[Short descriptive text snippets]
--- START ---

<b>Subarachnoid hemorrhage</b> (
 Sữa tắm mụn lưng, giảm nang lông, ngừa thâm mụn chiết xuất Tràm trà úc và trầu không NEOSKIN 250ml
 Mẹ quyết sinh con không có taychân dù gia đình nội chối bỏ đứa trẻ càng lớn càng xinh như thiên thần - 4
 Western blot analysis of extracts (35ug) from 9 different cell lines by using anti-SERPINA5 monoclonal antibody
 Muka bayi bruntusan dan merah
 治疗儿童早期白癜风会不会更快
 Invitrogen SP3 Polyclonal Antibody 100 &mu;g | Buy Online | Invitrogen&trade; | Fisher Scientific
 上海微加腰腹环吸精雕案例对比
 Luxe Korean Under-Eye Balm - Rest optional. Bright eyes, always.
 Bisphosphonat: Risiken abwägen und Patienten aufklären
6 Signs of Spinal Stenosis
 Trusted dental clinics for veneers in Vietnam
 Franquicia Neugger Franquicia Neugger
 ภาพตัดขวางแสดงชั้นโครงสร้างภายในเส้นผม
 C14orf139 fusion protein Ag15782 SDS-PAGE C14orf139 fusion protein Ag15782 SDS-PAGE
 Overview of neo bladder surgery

--- END ---

# WHAT THE TASK REQUIRES
Each line of the data that holds "không" should be copied.

# RESPONSE TO THE EXERCISE
 Sữa tắm mụn lưng, giảm nang lông, ngừa thâm mụn chiết xuất Tràm trà úc và trầu không NEOSKIN 250ml
 Mẹ quyết sinh con không có taychân dù gia đình nội chối bỏ đứa trẻ càng lớn càng xinh như thiên thần - 4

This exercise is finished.